One of my main concerns is whether or not its proper to code it so that you check that the input of the user is valid OUTSIDE of the function.
Yes. Almost always this is the best design. In fact, there's probably a design pattern somewhere with a fancy name. But if not, experienced programmers have seen this over and over again. One of two things happens:
parse / validate / reject with error message
parse / validate / process
This kind of design has one data type (request) and four functions. Since I'm writing tons of Haskell code this week, I'll give an example in Haskell:
data Request -- type of a request
parse :: UserInput -> Request -- has a somewhat permissive precondition
validate :: Request -> Maybe ErrorMessage -- has a very permissive precondition
process :: Request -> Result -- has a very restrictive precondition
Of course there are many other ways to do it. Failures could be detected at the parsing stage as well as the validation stage. "Valid request" could actually be represented by a different type than "unvalidated request". And so on.
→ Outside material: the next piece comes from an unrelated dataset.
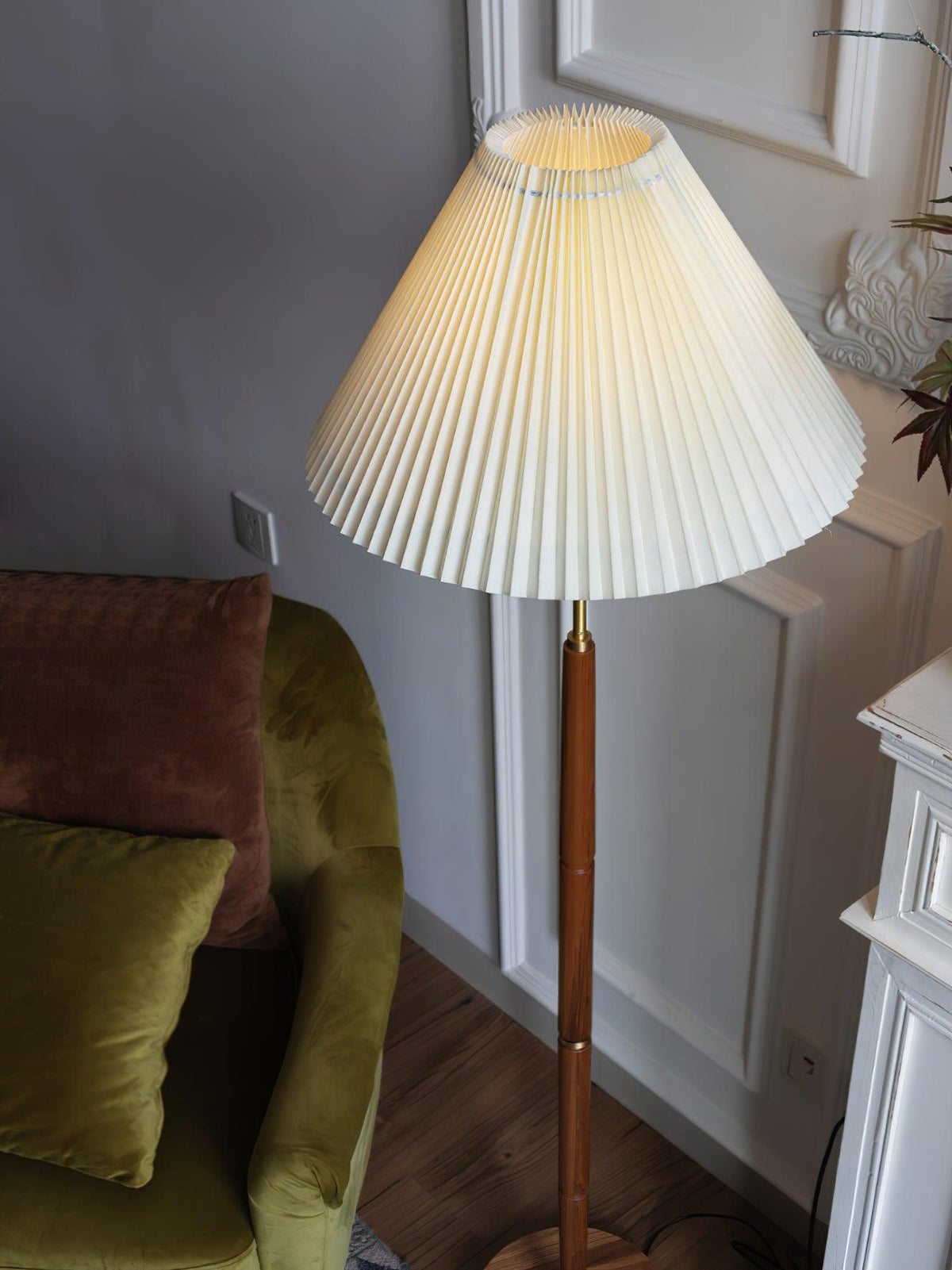 Syleina Minimalistische Stehleuchte aus massivem Holz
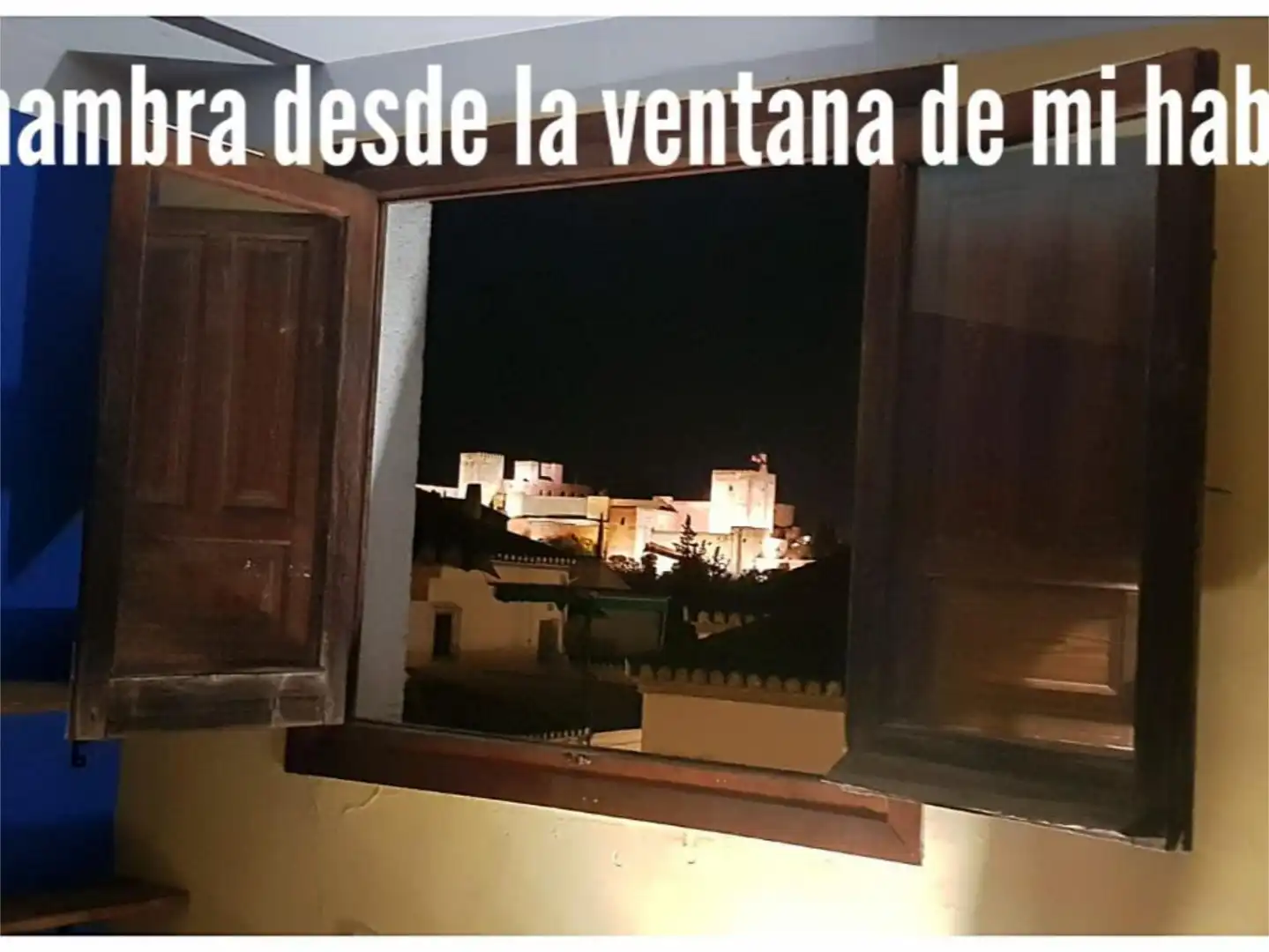 Vista exterior de Casa adosada para compartir en Granada con Aire acondicionado, Calefacción y Jardín privado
I'd do the check inside the function itself to make sure that the parameters I was expecting were indeed what I got.
Call it "defensive programming" or "programming by contract" or "assert checking parameters" or "encapsulation", but the idea is that the function should be responsible for checking its own pre- and post-conditions and making sure that no invariants are violated.
If you do it outside the function, you leave yourself open to the possibility that a client won't perform the checks. A method should not rely on others knowing how to use it properly.
If the contract fails you either throw an exception, if your language supports them, or return an error code of some kind.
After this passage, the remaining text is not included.